Ireland's cable television networks are primarily digital DVB-C services. However, in most areas, a small number (approximately 16) analogue channels are still carried alongside digital services.
The legacy analogue cable television services provide unencrypted PAL System I television channels. Frequency plans vary from place to place and channels are carried in Band I, Band III, Hyperband and sometimes Band IV.
In the past, additional encrypted premium analogue channels were also available. To view these channels a set top box was required. Cablelink / NTL Ireland used Cryptovision, while some other companies, notably Cork Multichannel, used Jerrold (General Instrument) scrambling systems.
Cork City and other areas cabled by Cork Multichannel Television required an Jerrold (General Instrument)set top box for all channels. The entire Cork analogue cable network was encrypted from late 1980s onwards. The Cork network also carried more channels than other cable networks in Ireland at that time.
When digital cable was launched in Cork, UPC Ireland rapidly swapped analogue set top boxes for digital boxes and then shutdown the analogue service entirely. The network still carries analogue terrestrial channels, RTE1, RTE2, TV3 and TG4 in some parts of the network. This means that Cork is the first city in Ireland with an exclusively digital cable network.

For analogue cable in Ireland there is no set frequency plan. Most cable networks for analogue use Harmonically related carriers (carrier frequencies of exact 8 MHz multiples). Some cable networks such as Limerick use Irish terrestrial channel alignments or even a mixture of the two-channel plans.
Digital cable operates using DVB-C, although encryption, as well as other platform details varies by provider. Most providers require the use of a set top box to view their television services.
Some very small, independent, entirely analogue networks still exist. These use standard coaxial cables boosted and tapped at regular intervals. Unfortunately this can lead to serious signal degradation problems, particularly on overhead networks.

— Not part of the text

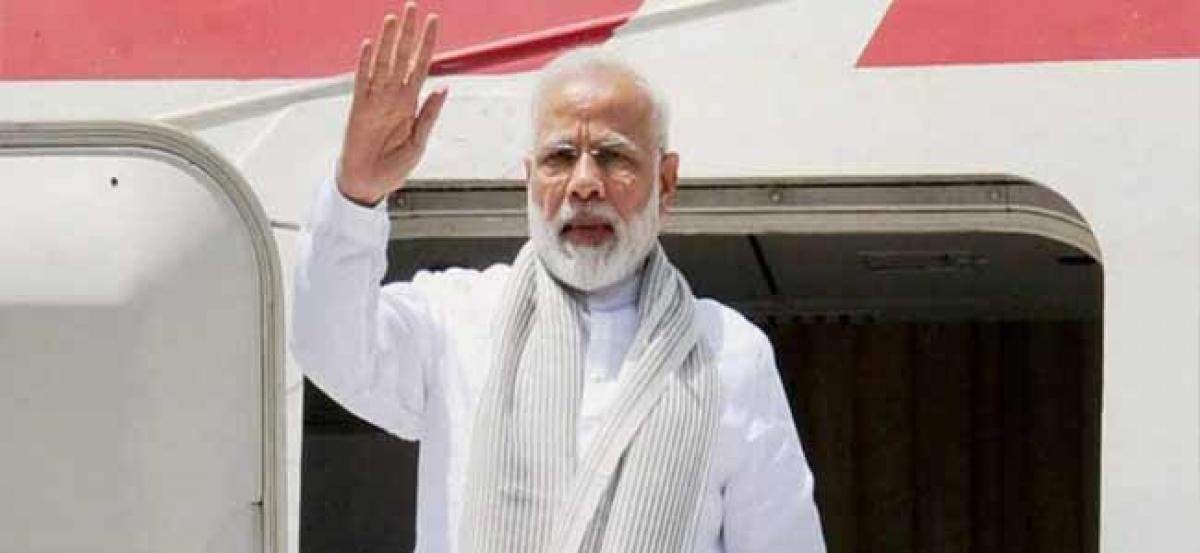 PM Modi arrives in India after 3-nation visit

Digital networks have far more sophisticated trunking systems. The five main Cities (Dublin, Cork, Galway, Limerick, and Waterford), along with towns like Longford, Dungarvan, Clonmel, Thurles, Kilkenny etc. now enjoy state of the art Hybrid fibre-coaxial networks which are used to deliver a myriad of services, including analogue and digital TV, broadband DOCSIS 3.0, and cable telephony services.
Overhead cables are common in areas constructed before the foundation of the local cable firm, or where the cable firm did not have a construction agreement with the builders; underground cables are more common in developments build post-1985.
Analogue MMDS specifications were legally set in 1998 by the then Office of the Director of Telecommunications Regulation in the document "Technical conditions for the operation of analogue programme services distribution systems in the frequency band 2500-2686 MHz"
Virgin Media Digital MMDS uses a DVB-C variant on ex NTL MMDS and a variant of DVB-T on ex Chorus MMDS networks.